The sum of the $4^{th}$ and $8^{th}$ terms of an $AP$ is $24$ and the sum of the $6^{th}$ and $10^{th}$ terms is $44$. Find the first three terms of the $AP$.

(D) We know that the $n^{th}$ term of an $AP$ is given by $a_n = a + (n - 1)d$.

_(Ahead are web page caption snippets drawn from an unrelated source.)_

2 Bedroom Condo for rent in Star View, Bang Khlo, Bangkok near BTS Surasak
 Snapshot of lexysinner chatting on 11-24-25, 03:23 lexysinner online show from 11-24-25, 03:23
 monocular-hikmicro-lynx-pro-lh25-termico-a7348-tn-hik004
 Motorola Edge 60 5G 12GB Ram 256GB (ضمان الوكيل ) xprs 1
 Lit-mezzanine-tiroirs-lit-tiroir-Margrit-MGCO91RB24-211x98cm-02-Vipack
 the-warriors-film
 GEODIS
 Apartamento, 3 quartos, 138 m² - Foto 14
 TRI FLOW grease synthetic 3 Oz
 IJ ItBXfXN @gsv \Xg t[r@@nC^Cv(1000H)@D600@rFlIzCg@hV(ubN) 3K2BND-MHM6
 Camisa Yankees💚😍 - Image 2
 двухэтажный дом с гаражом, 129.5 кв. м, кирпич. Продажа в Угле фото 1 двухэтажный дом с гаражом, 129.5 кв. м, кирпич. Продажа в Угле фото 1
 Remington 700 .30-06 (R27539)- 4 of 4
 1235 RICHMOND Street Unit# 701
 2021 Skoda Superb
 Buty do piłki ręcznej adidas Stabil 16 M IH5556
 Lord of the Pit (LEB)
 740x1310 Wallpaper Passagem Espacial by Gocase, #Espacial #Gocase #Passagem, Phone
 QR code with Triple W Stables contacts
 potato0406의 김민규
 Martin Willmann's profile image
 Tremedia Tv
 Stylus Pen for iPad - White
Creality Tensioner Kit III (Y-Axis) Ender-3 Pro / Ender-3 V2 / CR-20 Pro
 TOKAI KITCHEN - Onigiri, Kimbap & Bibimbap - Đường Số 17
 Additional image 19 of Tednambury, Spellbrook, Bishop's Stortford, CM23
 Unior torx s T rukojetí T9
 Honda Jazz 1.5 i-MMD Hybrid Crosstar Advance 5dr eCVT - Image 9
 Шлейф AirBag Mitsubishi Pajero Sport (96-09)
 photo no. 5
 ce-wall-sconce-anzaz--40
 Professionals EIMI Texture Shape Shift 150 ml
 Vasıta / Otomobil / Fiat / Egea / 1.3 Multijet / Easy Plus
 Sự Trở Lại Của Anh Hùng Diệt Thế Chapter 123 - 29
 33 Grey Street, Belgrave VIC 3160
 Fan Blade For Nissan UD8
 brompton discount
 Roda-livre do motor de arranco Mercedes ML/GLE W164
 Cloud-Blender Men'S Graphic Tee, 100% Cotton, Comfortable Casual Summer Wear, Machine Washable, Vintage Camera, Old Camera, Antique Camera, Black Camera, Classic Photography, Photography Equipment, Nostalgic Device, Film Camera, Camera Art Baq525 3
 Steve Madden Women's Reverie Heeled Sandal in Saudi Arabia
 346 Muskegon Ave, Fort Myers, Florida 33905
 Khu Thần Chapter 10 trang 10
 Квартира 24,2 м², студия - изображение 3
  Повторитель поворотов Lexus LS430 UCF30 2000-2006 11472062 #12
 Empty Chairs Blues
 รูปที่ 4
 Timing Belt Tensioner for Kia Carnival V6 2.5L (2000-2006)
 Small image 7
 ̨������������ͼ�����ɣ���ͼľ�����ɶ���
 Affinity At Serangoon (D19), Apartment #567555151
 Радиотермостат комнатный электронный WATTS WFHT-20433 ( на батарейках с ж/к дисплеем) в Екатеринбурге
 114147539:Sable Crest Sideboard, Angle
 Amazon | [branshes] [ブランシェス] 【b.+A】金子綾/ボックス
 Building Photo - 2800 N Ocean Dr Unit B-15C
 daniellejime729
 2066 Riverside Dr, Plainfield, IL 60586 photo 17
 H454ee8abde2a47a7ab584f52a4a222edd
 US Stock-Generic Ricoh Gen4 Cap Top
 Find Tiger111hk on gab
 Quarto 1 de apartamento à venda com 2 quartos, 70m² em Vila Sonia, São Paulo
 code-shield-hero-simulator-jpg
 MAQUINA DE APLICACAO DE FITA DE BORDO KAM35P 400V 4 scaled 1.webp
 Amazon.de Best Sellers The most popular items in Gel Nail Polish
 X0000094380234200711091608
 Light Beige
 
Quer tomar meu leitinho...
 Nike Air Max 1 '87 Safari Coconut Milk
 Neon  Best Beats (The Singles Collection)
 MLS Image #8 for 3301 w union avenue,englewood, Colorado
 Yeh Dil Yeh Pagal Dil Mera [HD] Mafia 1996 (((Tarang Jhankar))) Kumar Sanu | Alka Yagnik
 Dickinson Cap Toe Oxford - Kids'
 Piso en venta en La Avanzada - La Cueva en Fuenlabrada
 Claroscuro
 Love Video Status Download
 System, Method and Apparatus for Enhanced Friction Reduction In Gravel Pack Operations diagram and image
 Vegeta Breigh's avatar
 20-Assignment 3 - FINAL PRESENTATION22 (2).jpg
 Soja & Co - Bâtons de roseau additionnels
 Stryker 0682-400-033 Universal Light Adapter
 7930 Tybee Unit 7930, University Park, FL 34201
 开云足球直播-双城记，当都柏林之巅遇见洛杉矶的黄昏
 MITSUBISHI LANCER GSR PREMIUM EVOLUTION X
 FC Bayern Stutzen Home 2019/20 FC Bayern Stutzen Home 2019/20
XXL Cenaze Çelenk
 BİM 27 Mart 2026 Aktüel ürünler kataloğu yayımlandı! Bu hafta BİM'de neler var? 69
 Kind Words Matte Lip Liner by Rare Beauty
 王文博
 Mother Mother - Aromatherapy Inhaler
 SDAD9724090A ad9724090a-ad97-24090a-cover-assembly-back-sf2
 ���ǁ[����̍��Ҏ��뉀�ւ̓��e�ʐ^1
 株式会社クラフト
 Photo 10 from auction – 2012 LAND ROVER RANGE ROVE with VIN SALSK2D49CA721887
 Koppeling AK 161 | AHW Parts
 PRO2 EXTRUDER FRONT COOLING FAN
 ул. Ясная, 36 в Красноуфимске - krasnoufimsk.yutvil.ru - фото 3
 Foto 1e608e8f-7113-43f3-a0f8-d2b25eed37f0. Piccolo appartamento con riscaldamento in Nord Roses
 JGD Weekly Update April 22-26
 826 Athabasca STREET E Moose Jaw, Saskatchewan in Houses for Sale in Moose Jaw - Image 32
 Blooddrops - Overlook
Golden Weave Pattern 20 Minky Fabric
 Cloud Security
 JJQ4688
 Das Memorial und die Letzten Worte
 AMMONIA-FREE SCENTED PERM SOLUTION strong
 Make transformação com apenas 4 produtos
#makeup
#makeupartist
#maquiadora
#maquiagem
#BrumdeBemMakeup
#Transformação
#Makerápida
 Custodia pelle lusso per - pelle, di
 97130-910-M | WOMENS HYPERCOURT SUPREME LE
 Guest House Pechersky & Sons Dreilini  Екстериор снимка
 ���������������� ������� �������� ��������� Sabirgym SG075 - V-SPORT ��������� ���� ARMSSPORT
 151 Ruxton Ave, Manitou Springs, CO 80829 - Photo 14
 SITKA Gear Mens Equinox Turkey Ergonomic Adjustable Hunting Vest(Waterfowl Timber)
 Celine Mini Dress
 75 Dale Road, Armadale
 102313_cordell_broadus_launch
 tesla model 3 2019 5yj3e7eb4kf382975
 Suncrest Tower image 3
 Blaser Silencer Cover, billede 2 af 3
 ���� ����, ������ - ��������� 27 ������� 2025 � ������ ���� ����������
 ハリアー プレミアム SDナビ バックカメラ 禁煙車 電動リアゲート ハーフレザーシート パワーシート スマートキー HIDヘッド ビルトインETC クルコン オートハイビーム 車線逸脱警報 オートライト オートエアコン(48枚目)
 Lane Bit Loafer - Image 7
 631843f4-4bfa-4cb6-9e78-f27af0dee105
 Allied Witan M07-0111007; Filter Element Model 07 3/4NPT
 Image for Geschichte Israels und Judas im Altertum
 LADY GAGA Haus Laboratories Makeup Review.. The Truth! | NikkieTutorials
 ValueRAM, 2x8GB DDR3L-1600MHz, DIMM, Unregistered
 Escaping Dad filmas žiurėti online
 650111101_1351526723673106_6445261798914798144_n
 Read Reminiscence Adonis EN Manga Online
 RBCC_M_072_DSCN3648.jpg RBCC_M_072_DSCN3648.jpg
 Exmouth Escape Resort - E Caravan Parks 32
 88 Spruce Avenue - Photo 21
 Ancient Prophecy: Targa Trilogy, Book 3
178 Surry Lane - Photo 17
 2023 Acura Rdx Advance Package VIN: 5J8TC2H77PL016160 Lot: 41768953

For the $4^{th}$ and $8^{th}$ terms:
$a_4 = a + 3d$
$a_8 = a + 7d$
Given $a_4 + a_8 = 24$,we have $(a + 3d) + (a + 7d) = 24$,which simplifies to $2a + 10d = 24$ or $a + 5d = 12$ $...(1)$
For the $6^{th}$ and $10^{th}$ terms:
$a_6 = a + 5d$
$a_{10} = a + 9d$
Given $a_6 + a_{10} = 44$,we have $(a + 5d) + (a + 9d) = 44$,which simplifies to $2a + 14d = 44$ or $a + 7d = 22$ $...(2)$
Subtracting equation $(1)$ from $(2)$:
$(a + 7d) - (a + 5d) = 22 - 12$
$2d = 10$
$d = 5$
Substituting $d = 5$ into equation $(1)$:
$a + 5(5) = 12$
$a + 25 = 12$
$a = -13$
The first three terms are:
$a_1 = a = -13$
$a_2 = a + d = -13 + 5 = -8$
$a_3 = a + 2d = -13 + 10 = -3$
Thus,the first three terms of the $AP$ are $-13, -8, -3$.